*What this task involves*:
A verbatim copy of every record is required, and no pictures should be included.

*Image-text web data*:
BEGIN
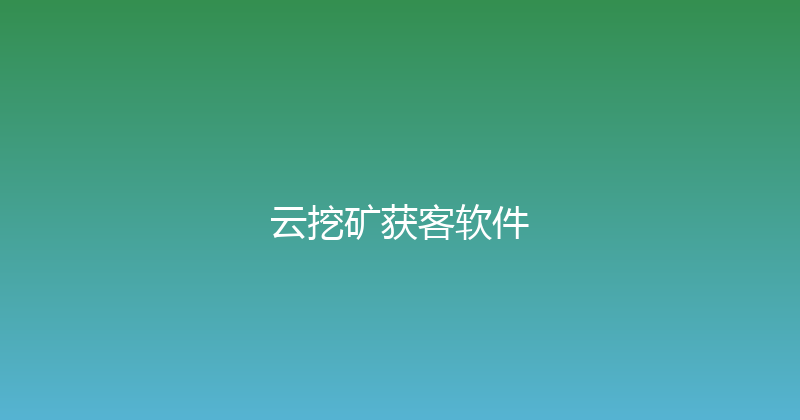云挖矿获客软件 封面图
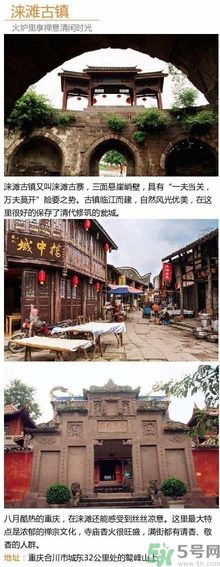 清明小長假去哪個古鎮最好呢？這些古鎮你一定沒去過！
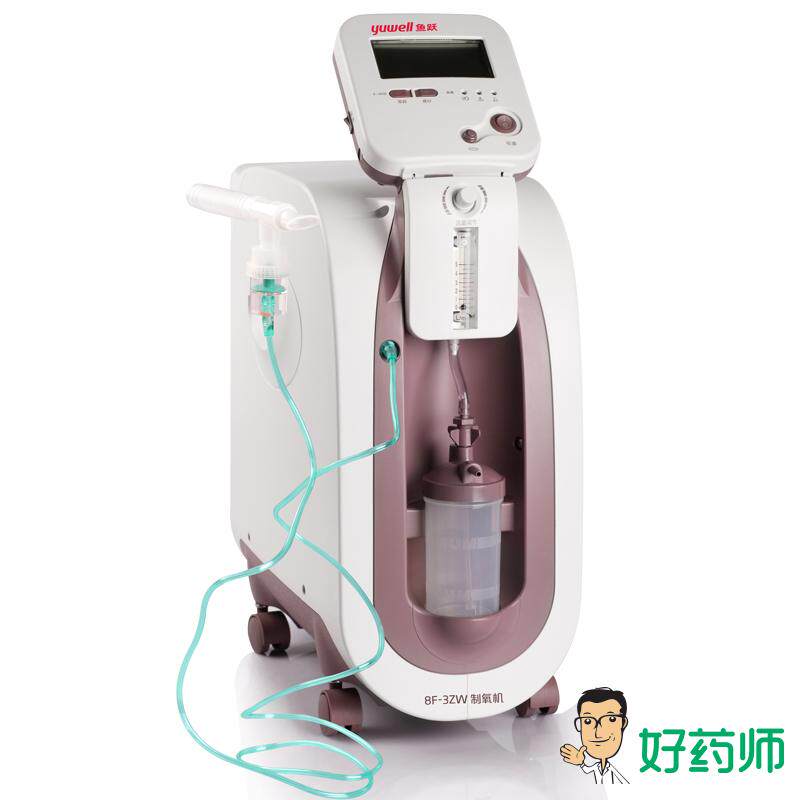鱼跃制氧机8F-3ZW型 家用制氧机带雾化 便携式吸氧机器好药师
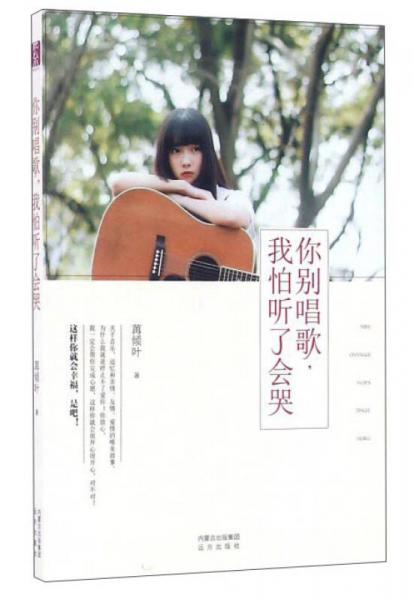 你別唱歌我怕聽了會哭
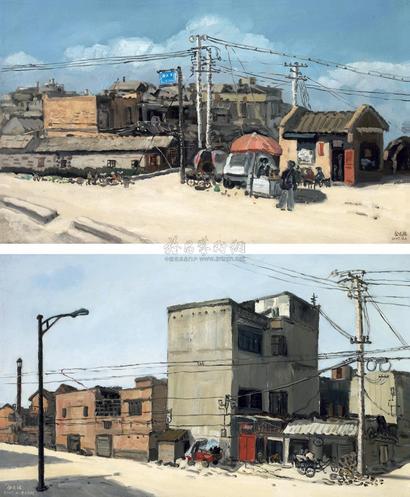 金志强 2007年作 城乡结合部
END
*Written answer*:
云挖矿获客软件 封面图
 清明小長假去哪個古鎮最好呢？這些古鎮你一定沒去過！
鱼跃制氧机8F-3ZW型 家用制氧机带雾化 便携式吸氧机器好药师
 你別唱歌我怕聽了會哭
 金志强 2007年作 城乡结合部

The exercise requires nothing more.